Reuters — Portugal’s divided parliament may refuse to approve Lisbon’s contribution to new bailout loans for Greece and a European Union aid package to help Turkey deal with the migrant crisis, Portuguese Prime Minister Antonio Costa said on Saturday.
Costa told journalists the two far-left parties that back his minority Socialist government – the Left Bloc and the Communists – had long opposed the payments and could vote against them.
The main opposition Social Democrats had also said they would reject the aid, Costa said, a stance he called an “irresponsible” change in their past support for the package.
The EU agreed to a 3-billion-euro aid package for Turkey in November, made up partly of money from the EU budget and partly of contributions from member states.
If one country were unable to contribute, the package would not necessarily collapse, but there would be less money in it unless another EU state picked up the slack.
The money for the Greek bailout comes from the European Stability Mechanism, which borrows it on the markets with small national contributions to the fund’s capital.
The Portuguese funding for both is part of this year’s budget, which is still making its way through parliament due to delays following months of political uncertainty and last year’s inconclusive election that ultimately led Costa to power.

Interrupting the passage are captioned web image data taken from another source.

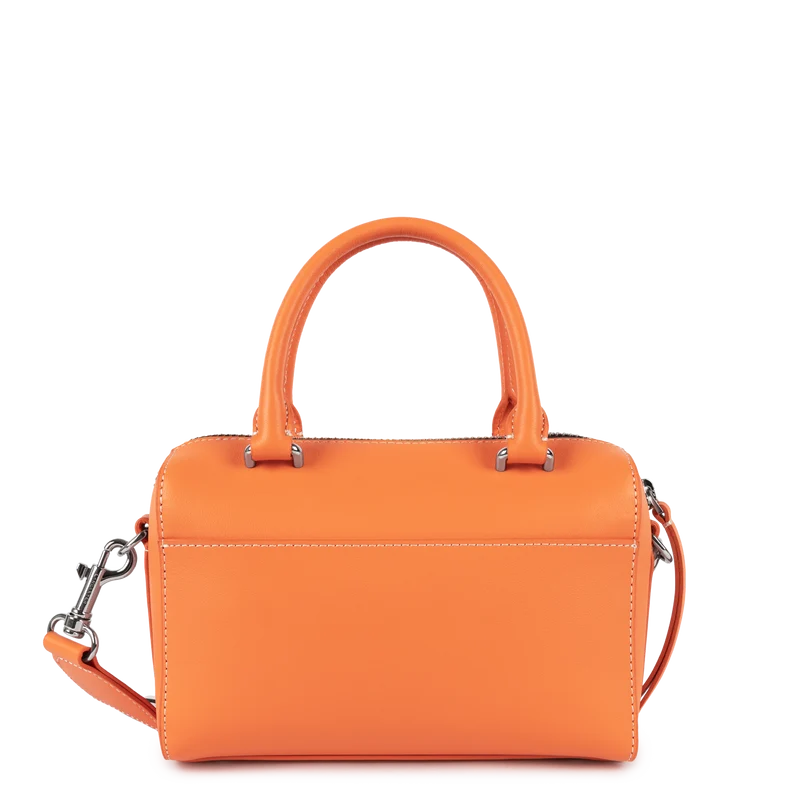 Petit sac polochon - Donna Linea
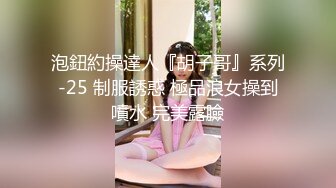 国产AV 葫芦影业 HLW006 色情房东俏房客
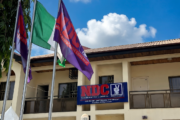 NDC zones presidency to South for single term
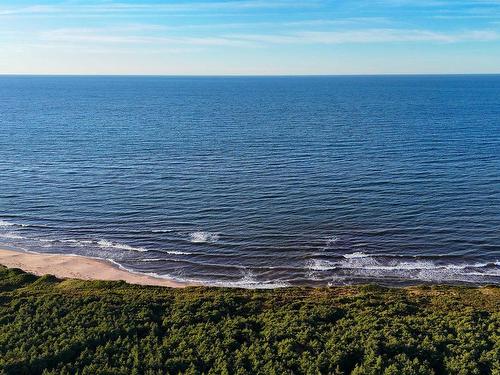 Northside Road, Rock Barra, PE 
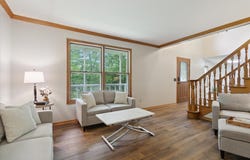 4828 N Brentwood Drive, Milton, WI 53563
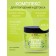 News Nutrition complex for losing weight cleansing and detox, 200 g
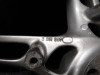 Rear wheel BMW R 1150 RT   R 850 RT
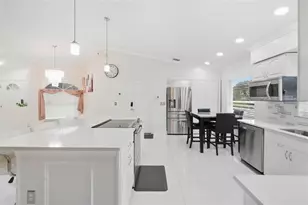 5301 72nd St E, Bradenton, FL 34203 - Photo 27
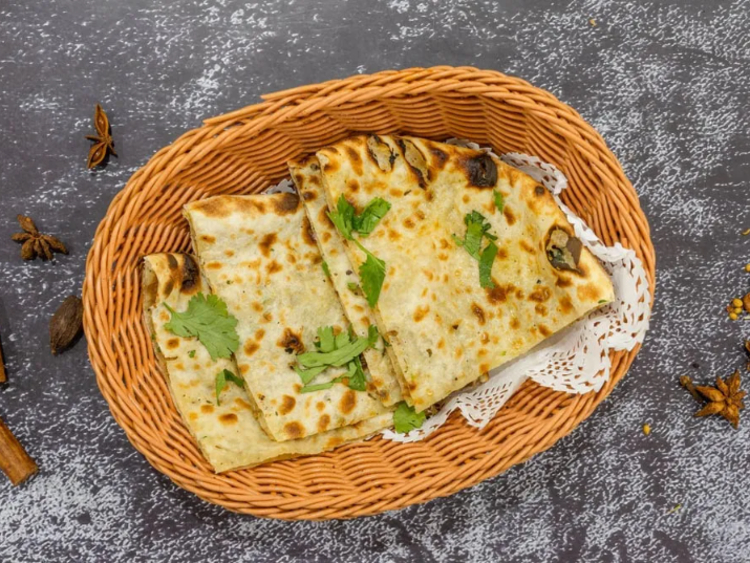 Delhi6 Sweets & Savouries - Indian Restaurant in Wanneroo slider image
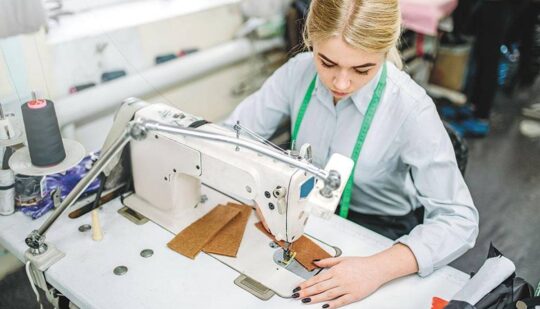 На Рівненщині шукають працівників: житлом забезпечать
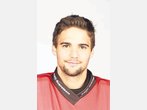 Eishockey: Peißenberger Jakob Goll unterschreibt Vertrag bei Ice Tigers Nürnberg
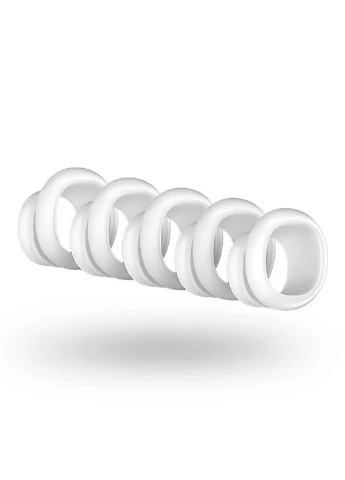 Вібронасадки Satisfyer (252009763)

“They (the opposition) will say, ah, but the other parties could have a different stance. They could. But they are consistent with what they’ve always been saying and they’d have to change their position,” Costa said in televised remarks answering questions from reporters.

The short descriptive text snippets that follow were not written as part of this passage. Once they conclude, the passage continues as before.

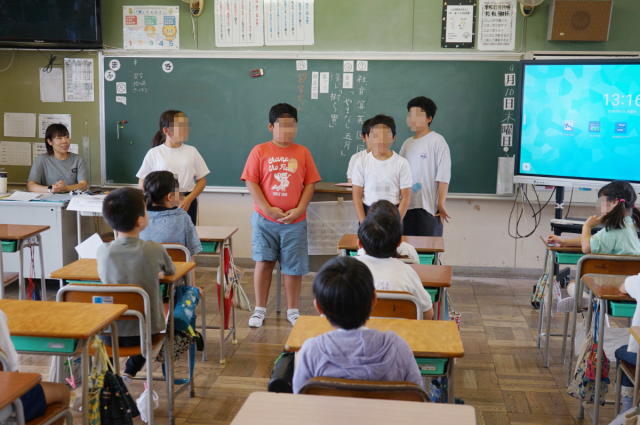 仲良し団_02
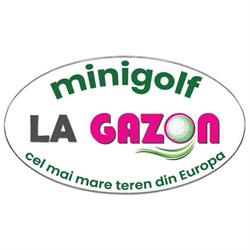 Club LA GAZON, Săbăreni program de funcționare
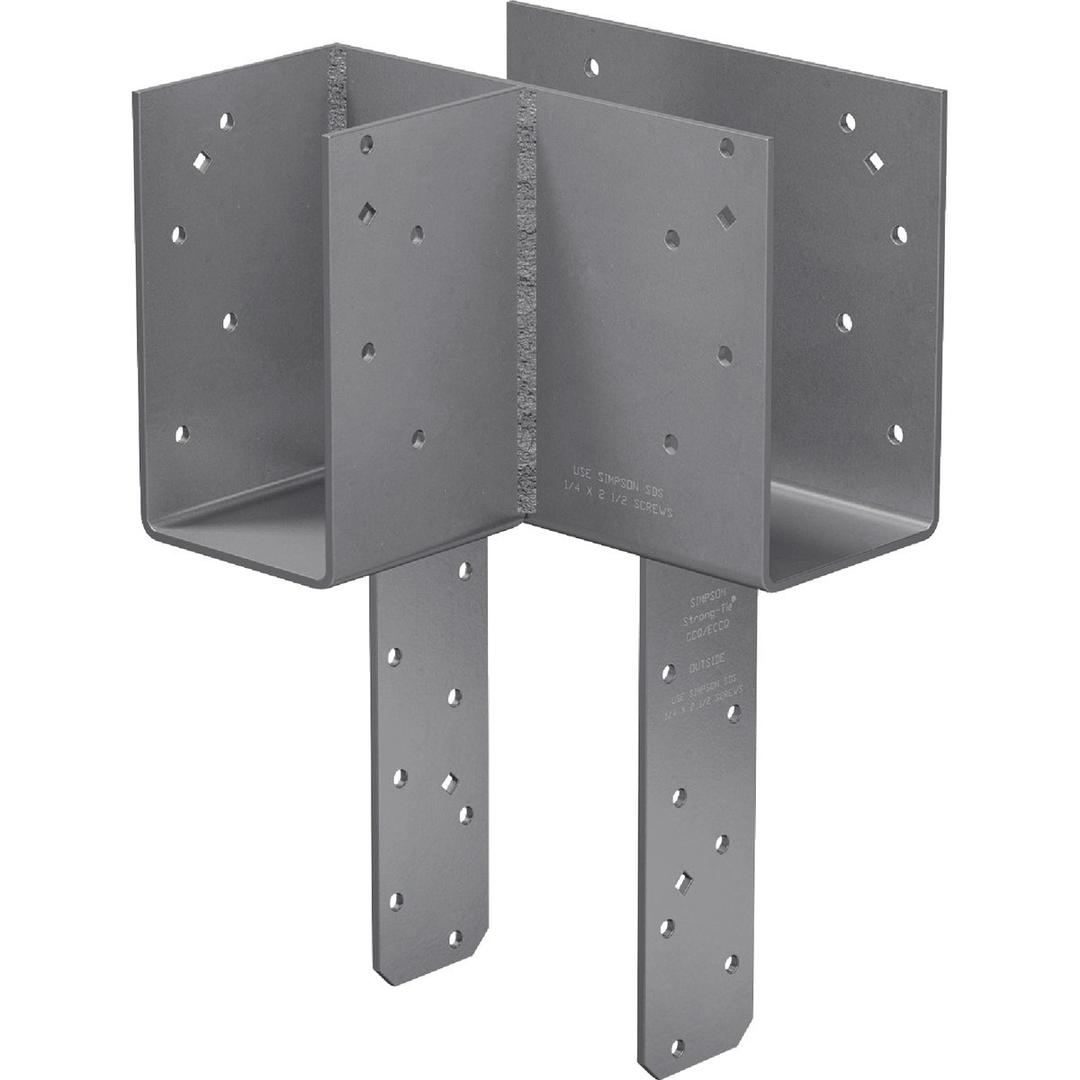 Product 112751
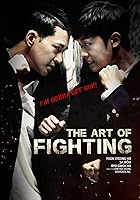 Art of Fighting 1 2020 Movie Hindi English 480p 720p 1080p Filmy4WEB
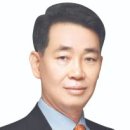 세운석유 이미지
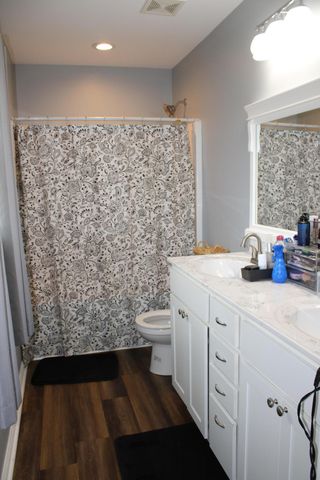 113 Norma Drive, Richmond, KY 40475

“But the Social Democrats who assumed these responsibilities for the Portuguese state, and who have always supported them, now refuse to approve them … That is absolutely irresponsible,” he said in Paris after a European Socialist summit.
Portugal, Western Europe’s poorest nation, was supposed to transfer 24 million euros to Turkey under the EU November deal.
Portugal’s scheduled contribution to the Greek loan package totals 107 million euros this year.